Dieting has probably been around for thousands of years, although not in any structured way like we see all around us today. It wasn’t very common until the 1800‘s however, simply because people who were overweight were not very common. Apart from rich merchants, bankers and the various ranks of royal personages, these types were often fat in body and wallet. The hierarchies of organized religions apparently thought that their own gluttony would assist the poor and needy in some mysterious and never explained way, while most people had a regular struggle to get enough food for their families’ health.
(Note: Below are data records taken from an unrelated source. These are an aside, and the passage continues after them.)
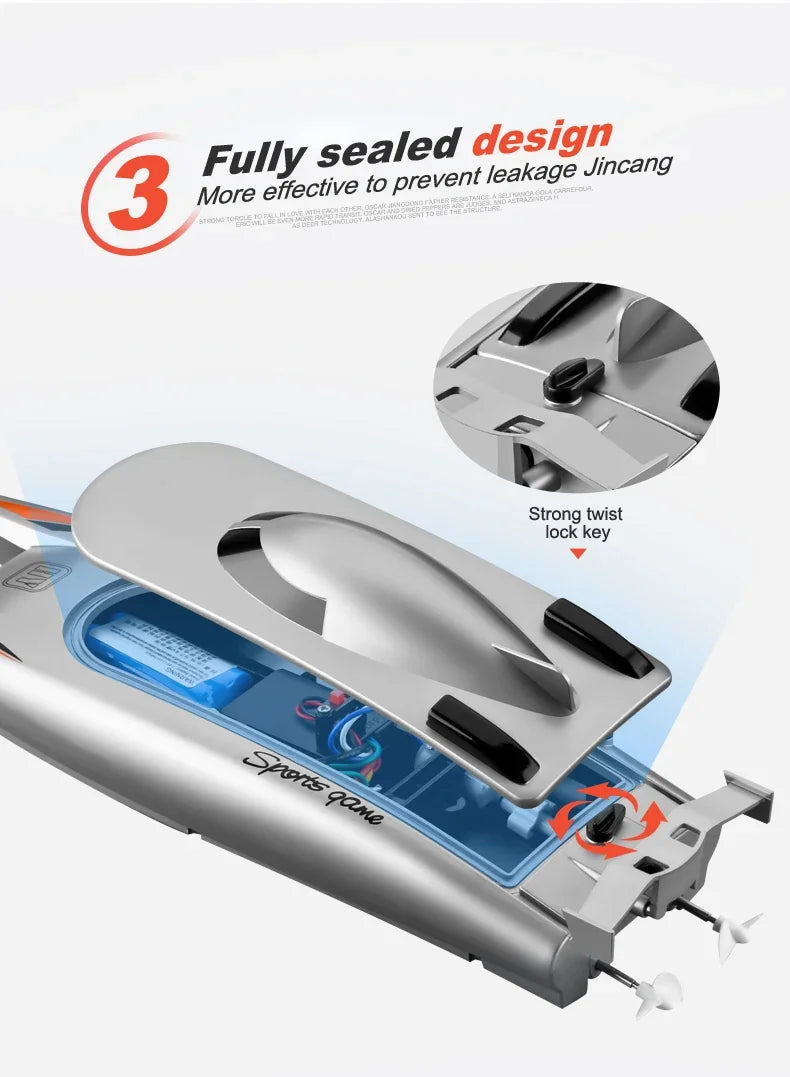 2.4G RC Boat 30KM/H High Speed Dual Motor 2CH Waterproof Remote Control Racing Ship Toy - 20Mins Battery for Kids & Adults
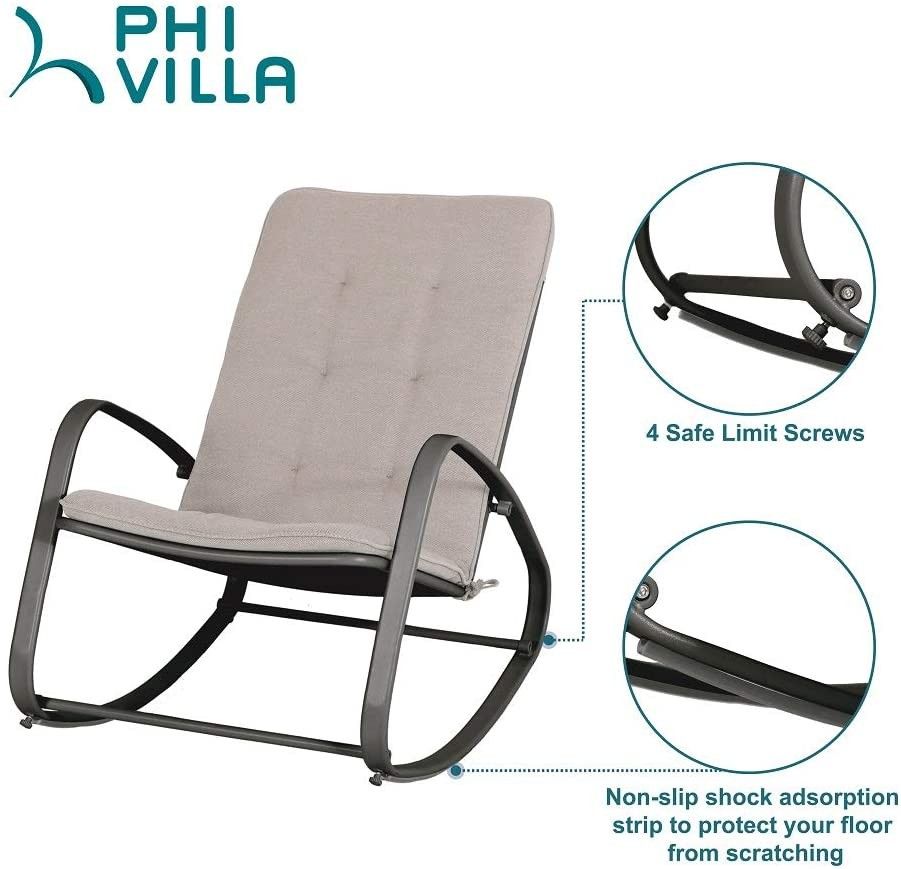 Outdoor Patio Metal, Padded Modern Rocker with Cushion, Support 300lbs for Porch, Deck, Balcony or Indoor Use - Black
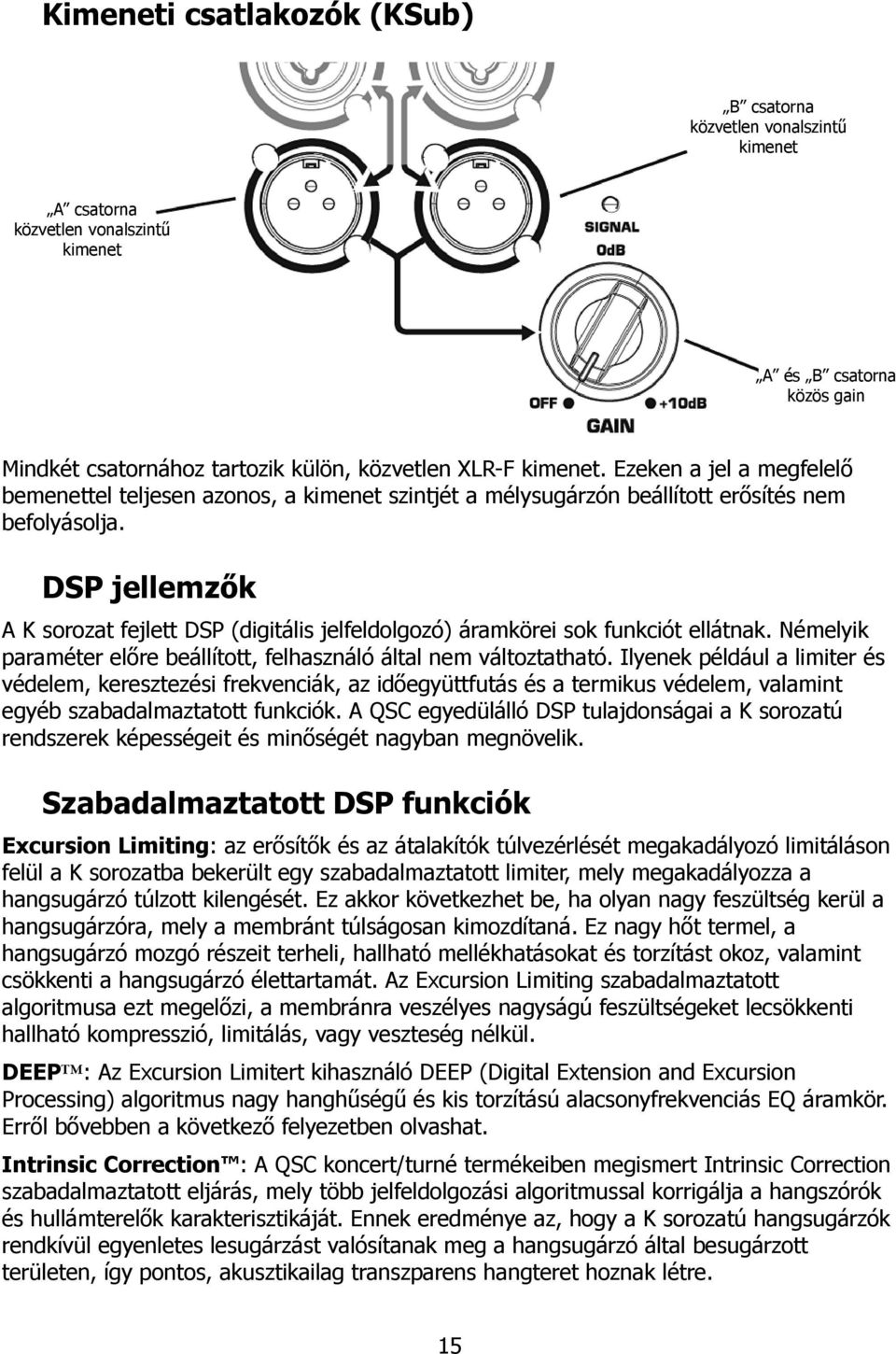 DSP jellemzők A K sorozat fejlett DSP (digitális jelfeldolgozó) áramkörei sok funkciót ellátnak. Némelyik paraméter előre beállított, felhasználó által nem változtatható.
So being fat was not a problem encountered by most, but maybe they would have wished it was, as an outward sign of prosperity and plenty.
Those diets that did exist, whenever a prince or bishop decided that not being able to move around freely was a problem, involved no more than a slight reduction in quantity of the same food. Perhaps deciding to have only three fowl, one barrel of ale or mulled wine, and one roast hog per day instead of overdoing it!
As time progressed, so did a relative redistribution of wealth. This inevitably led to those lower down the financial scales, but on their way up, having too much of what was hitherto unavailable to them. They probably shouldn’t be directly blamed for this either, as excess food and drink can be a pleasure indeed, especially when newly found.
Another problem is that the human body is particularly well suited to putting on the pounds. Fatty and sugary foods are digested enthusiastically and the excess energy given is stored by the body for a time when such riches may not be an option. This is after all, a sensible measure to take by a bodily system that has evolved over millions of years, during which time a truly enormous number of people must have starved to death.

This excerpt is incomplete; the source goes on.